WHAT THE EXERCISE ASKS →
Go through the listing below and retype exactly the lines starting at the one with "Het gouden schilderij" and ending at the one with "SAii Phi Phi", skipping pictures.

DATA FOR ANALYSIS →
---*---
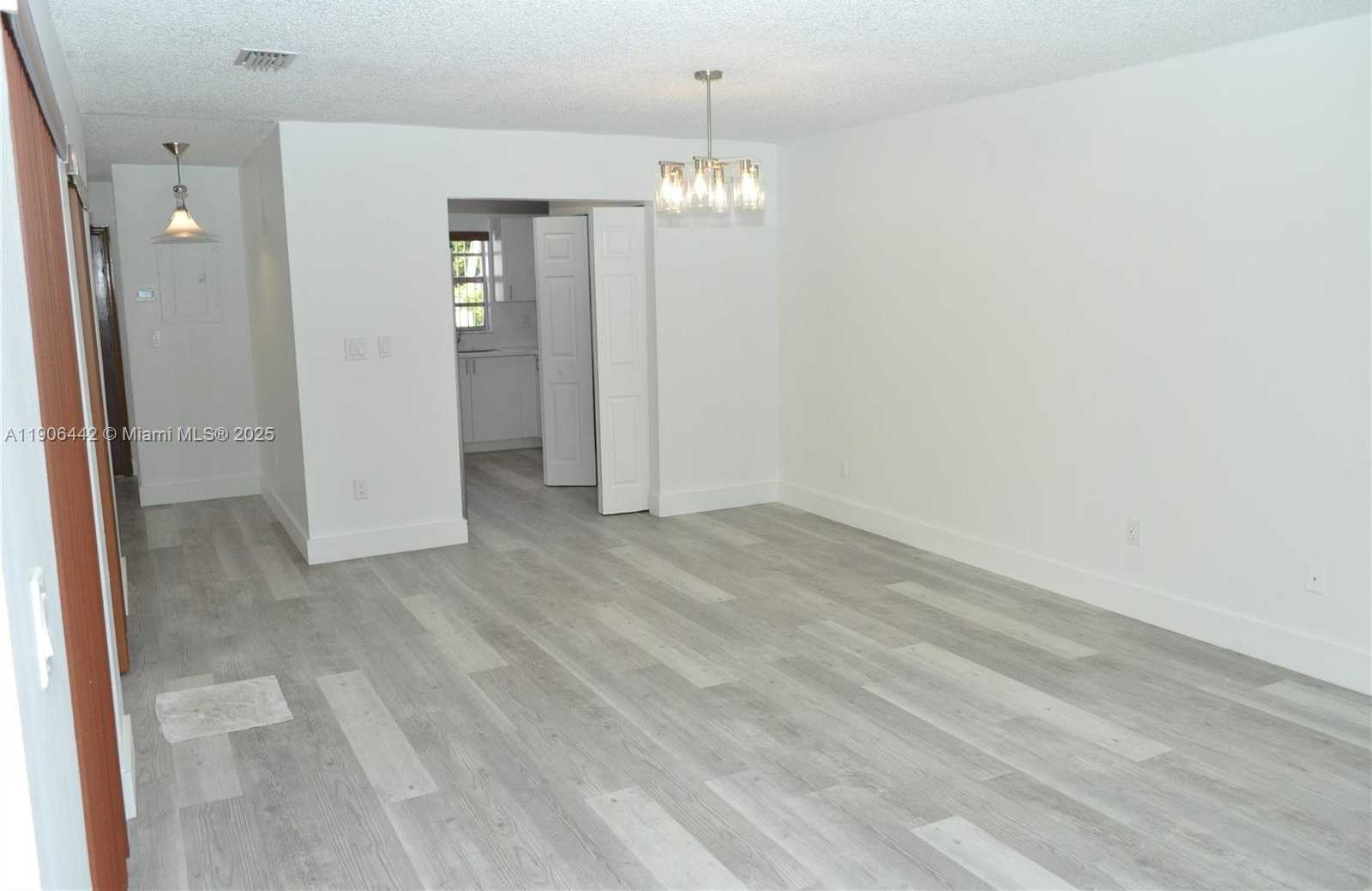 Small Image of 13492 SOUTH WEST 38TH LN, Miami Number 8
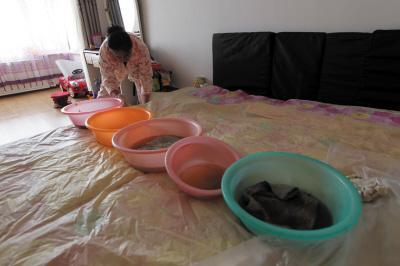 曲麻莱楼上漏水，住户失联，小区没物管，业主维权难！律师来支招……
---*---
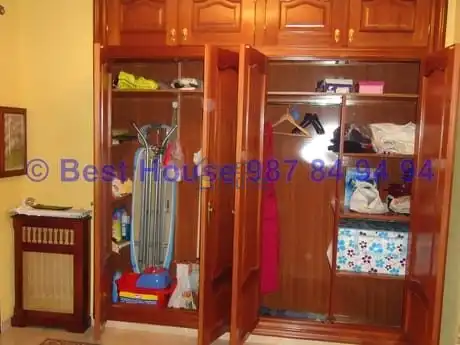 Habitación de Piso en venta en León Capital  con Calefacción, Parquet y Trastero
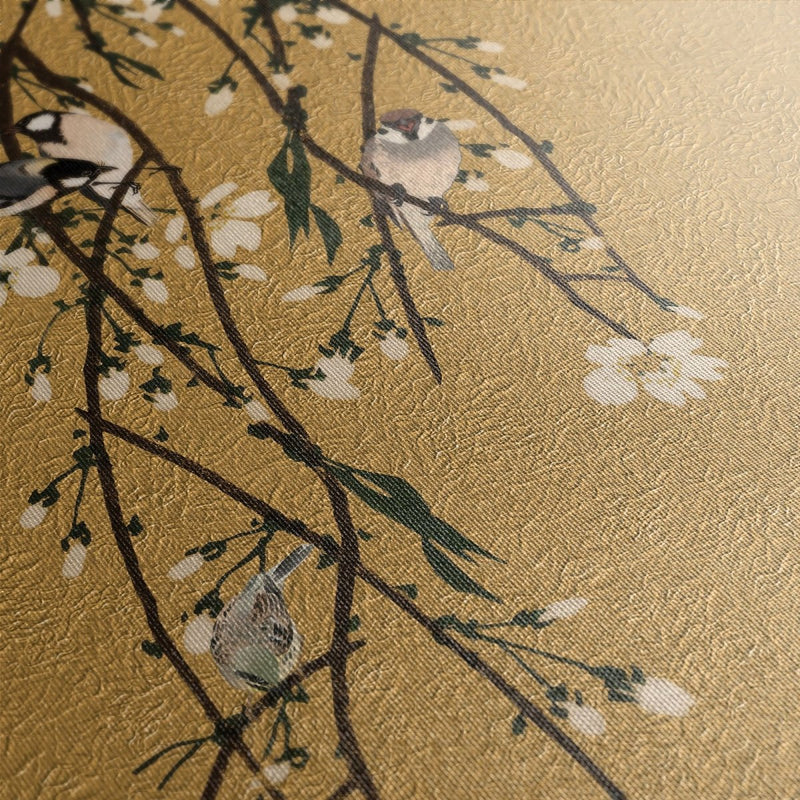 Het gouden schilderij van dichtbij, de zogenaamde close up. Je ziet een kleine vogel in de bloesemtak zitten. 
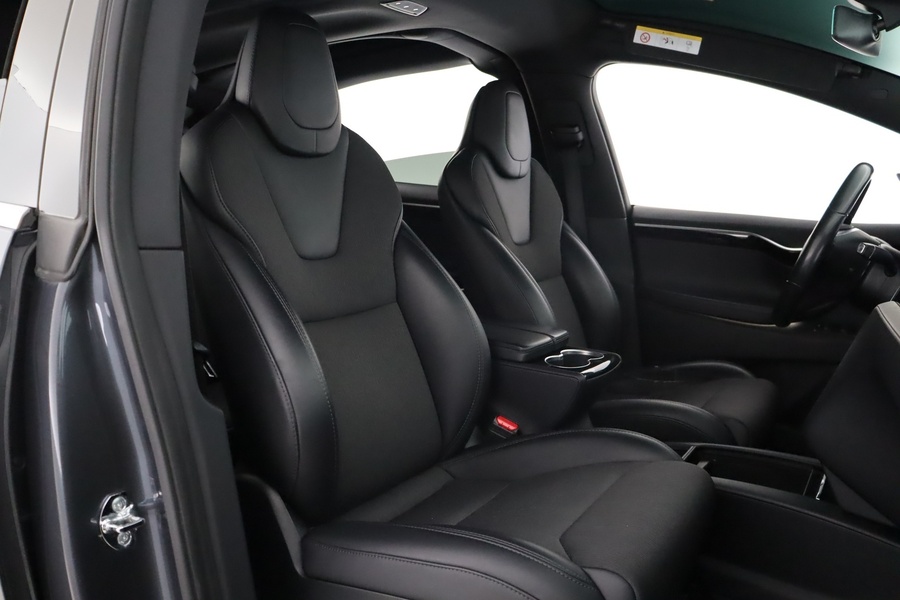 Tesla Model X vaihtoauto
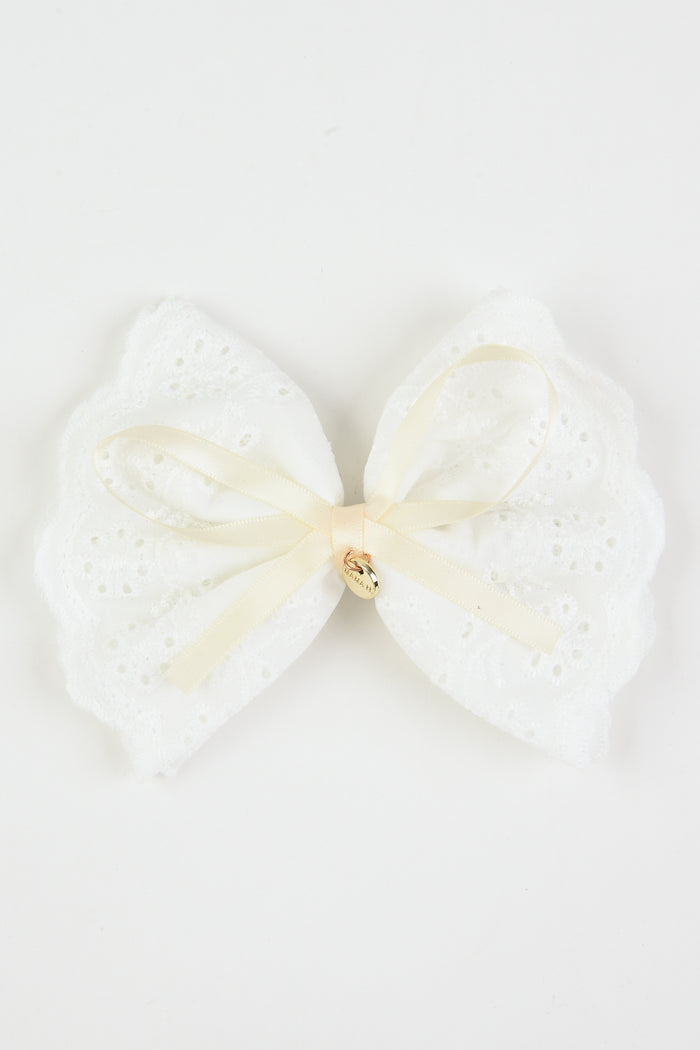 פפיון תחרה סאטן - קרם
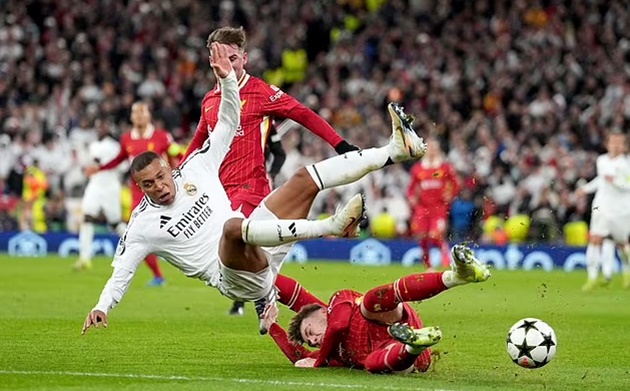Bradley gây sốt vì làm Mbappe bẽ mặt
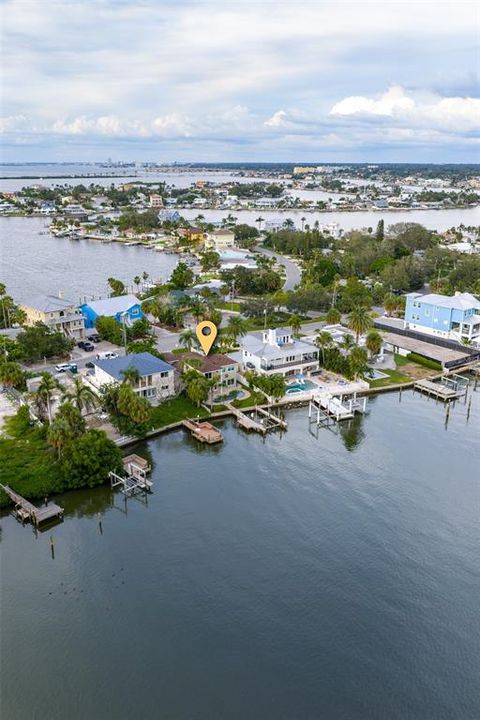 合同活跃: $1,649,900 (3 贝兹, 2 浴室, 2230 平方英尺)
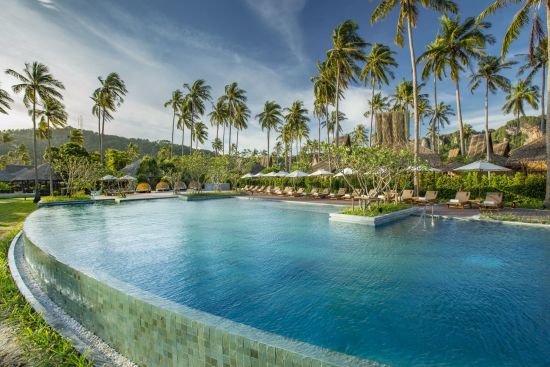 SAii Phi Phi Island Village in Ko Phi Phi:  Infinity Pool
---*---
ANSWER TO THE PROBLEM →
 Het gouden schilderij van dichtbij, de zogenaamde close up. Je ziet een kleine vogel in de bloesemtak zitten. 
 Tesla Model X vaihtoauto
 פפיון תחרה סאטן - קרם
Bradley gây sốt vì làm Mbappe bẽ mặt
 合同活跃: $1,649,900 (3 贝兹, 2 浴室, 2230 平方英尺)
 SAii Phi Phi Island Village in Ko Phi Phi:  Infinity Pool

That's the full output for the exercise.